## EXERCISE DETAILS
Copy, word for word, the lines below from the one containing "A woman wearing" up to and including the one containing "Silver chain necklace", with pictures left out.

## LISTED ENTRIES

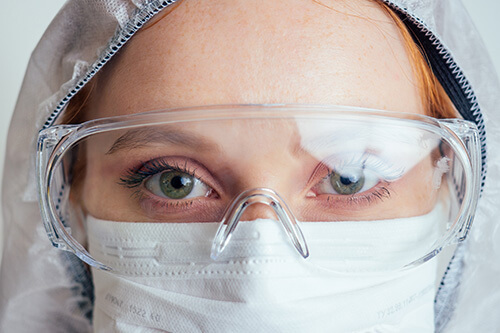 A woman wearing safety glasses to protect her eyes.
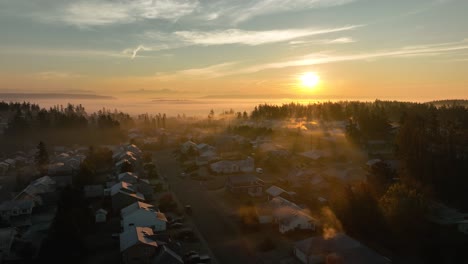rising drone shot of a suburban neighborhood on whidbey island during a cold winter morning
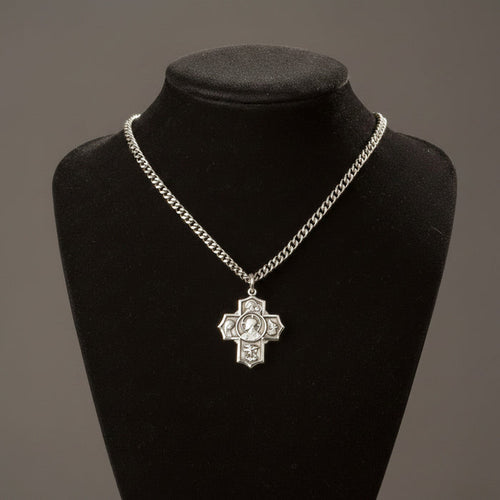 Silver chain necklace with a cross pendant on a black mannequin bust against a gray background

* * *

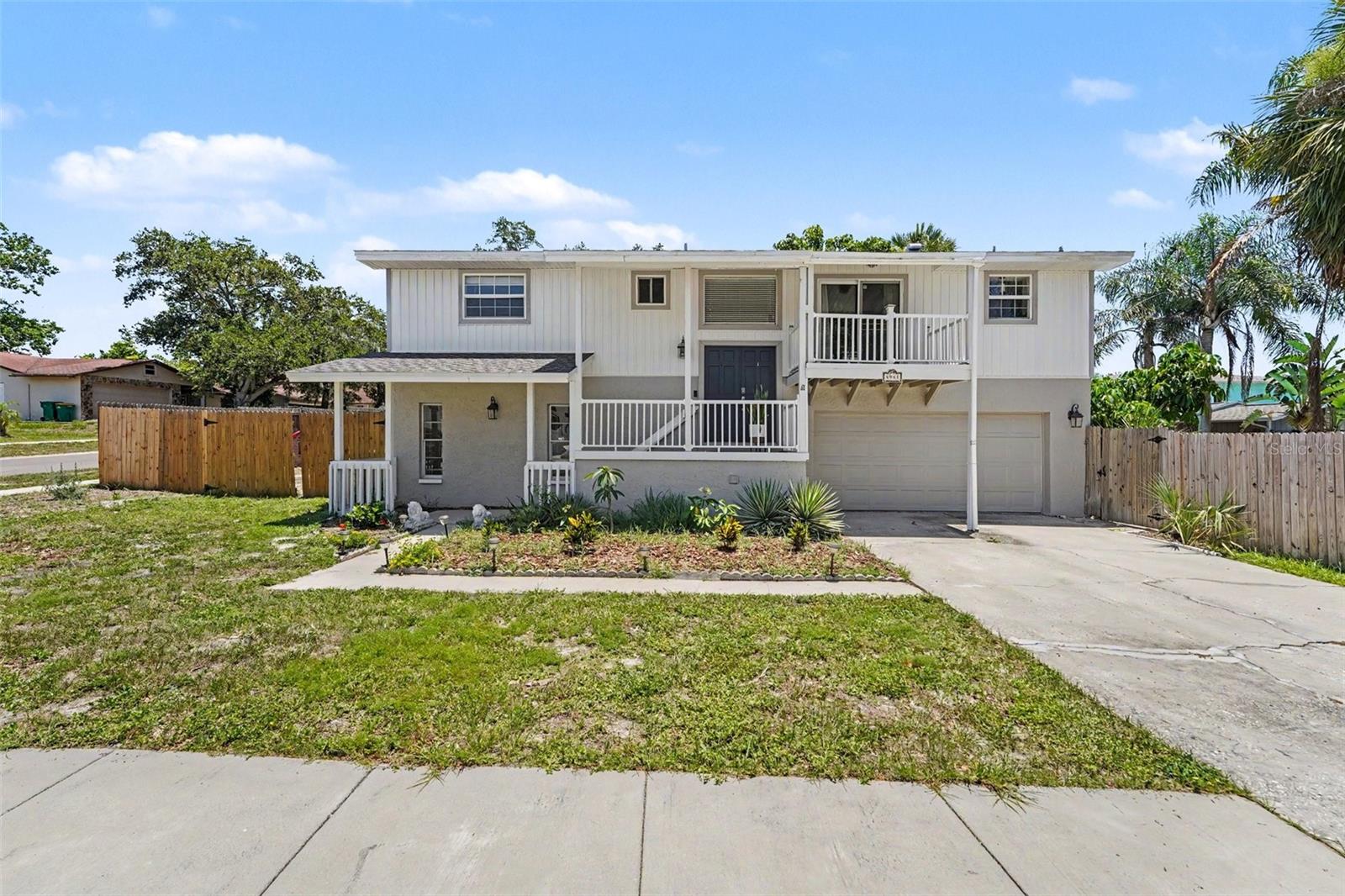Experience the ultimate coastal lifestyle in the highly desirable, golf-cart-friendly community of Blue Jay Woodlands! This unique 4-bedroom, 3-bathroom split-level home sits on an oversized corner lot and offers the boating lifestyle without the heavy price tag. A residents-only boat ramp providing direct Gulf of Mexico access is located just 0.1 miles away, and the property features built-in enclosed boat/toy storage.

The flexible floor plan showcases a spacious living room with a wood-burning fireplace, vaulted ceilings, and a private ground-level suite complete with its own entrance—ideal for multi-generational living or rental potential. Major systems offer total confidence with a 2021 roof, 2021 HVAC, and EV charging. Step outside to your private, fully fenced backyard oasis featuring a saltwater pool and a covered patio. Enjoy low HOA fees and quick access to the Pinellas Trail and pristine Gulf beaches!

## RESPONSE BOX
 A woman wearing safety glasses to protect her eyes.
rising drone shot of a suburban neighborhood on whidbey island during a cold winter morning
 Silver chain necklace with a cross pendant on a black mannequin bust against a gray background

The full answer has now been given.